In his book, Integrative Nutrition, author Joshua Rosenthal describes it this way: “Greens help build our internal rainforest and strengthen our circulatory and respiratory system.” He goes on to say that the color green aligns with spring, “a time of renewal, refreshment, and vital energy.”

Indeed, the list of beneficial properties offered by greens is long and includes everything from improving circulation and liver function to strengthening the immune system, clearing congestion, and promoting healthy gut flora.

Greens provide a whole host of valuable nutrients, micronutrients, and phytonutrients such as:

  • Calcium
  • Magnesium
  • Iron
  • Potassium
  • Phosphorous
  • Zinc
  • Vitamins A, C, and K
  • Fiber
  • Folate
  • Chlorophyll

Chlorophyll (found in all green vegetables) is a powerful blood builder akin to liquid oxygen! If you are trying to get pregnant, you can benefit from the high folate content in greens.

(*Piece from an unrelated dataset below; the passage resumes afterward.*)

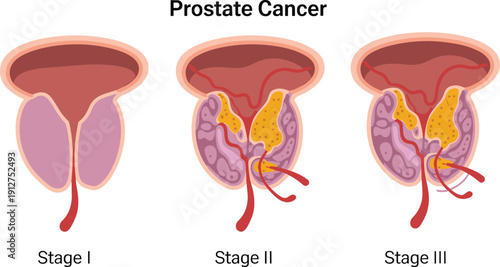 Prostate cancer stages medical infographic illustration showing Stage I, Stage II and Stage III progression, urology disease anatomy concept diagram isolated on white background.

And if you need to increase your calcium intake, leafy greens beat milk because they don’t put the body into an acidic state the way dairy does.

Greens with significant amounts of calcium include cooked beet greens, kale, dandelion greens, collards, parsley, turnip greens, and watercress. (An interesting aside: the ancient Greek physician Hippocrates, who said “let food be thy medicine,” relied so heavily on the healing powers of watercress that he built his first hospital next to a stream so he could grow it.)

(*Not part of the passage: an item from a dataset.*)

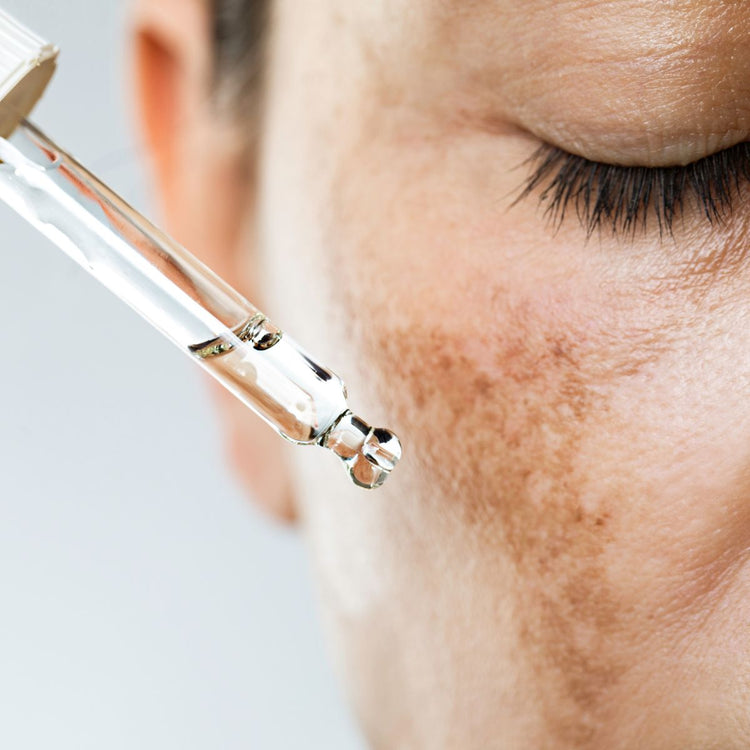 Hyperpigmentation & Dark Spots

Other greens to rotate into your diet include spinach, cabbage, bok choy, and broccoli.

Here are some easy ways to eat more greens:

1. Drink them in the morning! Start off your day with an alkalizing green smoothie.
Mix the following ingredients in a high-speed blender:

green your diet photo

Green Magic Smoothie

  • 1 ½ cups water, or almond or coconut milk
  • ½ avocado
  • Handful of spinach
  • Dash cinnamon

Alternatively, if you have a juicer, make this easy and delicious recipe from Juicemaster Jason Vale which also happens to be my favorite breakfast!

  • ¼ small pineapple
  • ½ stick celery
  • 1 inch chunk of cucumber
  • 1 small handful of spinach leaves
  • 1 peeled lime
  • 2 apples, preferably yellow
  • ¼ ripe avocado
  • Ice

Juice the pineapple, celery, cucumber, spinach, lime and apples. (If you have a whole-fruit juicer, put in one apple, place the other ingredients on top and then finish up with the other apple). Place the ripe avocado flesh in the blender / smoothie maker along with the ice and juice mixture. Give a good whiz for 45 seconds (or until smooth).
Pour into a glass – enjoy!

2. Drink the broth or “tea” that’s leftover in the pan after briefly steaming or boiling your greens.

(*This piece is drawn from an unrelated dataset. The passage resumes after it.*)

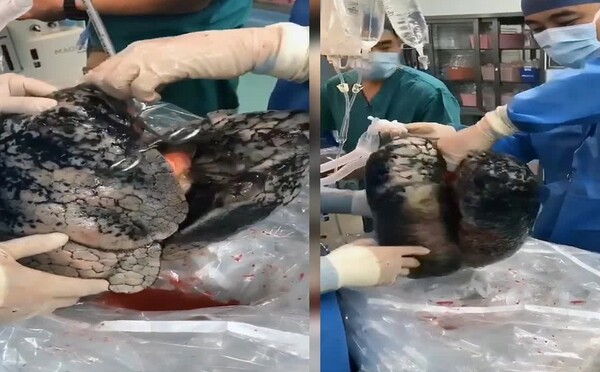 Takto vyzerajú pľúca človeka, ktorý aktívne fajčil 30 rokov. Pôvodne mali byť použité na transplantáciu, doktori to odmietli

3. Grow your own greens either in a container on your porch or balcony, or in a raised garden bed in your garden. You can also seek out fresh greens at your local farmer’s market or join a co-op to ensure regular delivery of them. Great organic farms in Cairo are Go Green Markets; Sara’s Organics and Tabi3y.

4. Get into the habit of having a simple raw mixed greens salad with lunch and dinner.

5. Add green algae superfood supplements such as spirulina and chlorella to your daily routine for an added dose of disease-fighting phytochemicals. These can either be taken as tablets or dissolved in water or your green smoothie. You can find them here and here.

Once you crowd out other foods with these nourishing plant-based options, you’ll be glowing with positive energy. Try it today and tell me about your experience!